- Malung Township, Minnesota Location within the state of Minnesota Malung Township, Minnesota Malung Township, Minnesota (the United States)
- Coordinates: 48°46′6″N 95°41′22″W﻿ / ﻿48.76833°N 95.68944°W
- Country: United States
- State: Minnesota
- County: Roseau

Area
- • Total: 35.8 sq mi (92.8 km^{2})
- • Land: 35.8 sq mi (92.8 km^{2})
- • Water: 0 sq mi (0.0 km^{2})
- Elevation: 1,079 ft (329 m)

Population (2000)
- • Total: 427
- • Density: 12/sq mi (4.6/km^{2})
- Time zone: UTC-6 (Central (CST))
- • Summer (DST): UTC-5 (CDT)
- ZIP code: 56751
- Area code: 218
- FIPS code: 27-39644
- GNIS feature ID: 0664882

= Malung Township, Roseau County, Minnesota =

Township in Minnesota, United States

Malung Township is a township in Roseau County, Minnesota, United States. It was named by settlers after Malung, a town in central Sweden. The population was 427 at the 2000 census.

Malung Township was named after Malung, in Sweden.

==Geography==
According to the United States Census Bureau, the township has a total area of 35.8 square miles (92.8 km^{2}), all land.

==Demographics==
As of the census of 2000, there were 427 people, 153 households, and 128 families residing in the township. The population density was 11.9 PD/sqmi. There were 162 housing units at an average density of 4.5 /sqmi. The racial makeup of the township was 96.49% White, 0.23% Native American, 1.87% Asian, 0.23% Pacific Islander, 0.23% from other races, and 0.94% from two or more races. Hispanic or Latino of any race were 0.23% of the population.

There were 153 households, out of which 41.2% had children under the age of 18 living with them, 75.8% were married couples living together, 5.9% had a female householder with no husband present, and 16.3% were non-families. 14.4% of all households were made up of individuals, and 6.5% had someone living alone who was 65 years of age or older. The average household size was 2.79 and the average family size was 3.06.

In the township the population was spread out, with 30.0% under the age of 18, 6.3% from 18 to 24, 31.4% from 25 to 44, 22.5% from 45 to 64, and 9.8% who were 65 years of age or older. The median age was 36 years. For every 100 females, there were 105.3 males. For every 100 females age 18 and over, there were 106.2 males.

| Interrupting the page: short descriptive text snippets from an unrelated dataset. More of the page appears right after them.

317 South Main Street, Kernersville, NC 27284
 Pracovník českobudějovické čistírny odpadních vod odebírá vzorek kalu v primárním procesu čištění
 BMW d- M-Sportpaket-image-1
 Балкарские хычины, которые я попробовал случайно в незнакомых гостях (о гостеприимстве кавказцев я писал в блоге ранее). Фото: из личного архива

The median income for a household in the township was $49,250, and the median income for a family was $56,964. Males had a median income of $35,521 versus $28,611 for females. The per capita income for the township was $18,787. About 2.2% of families and 5.0% of the population were below the poverty line, including 6.3% of those under age 18 and 13.6% of those age 65 or over.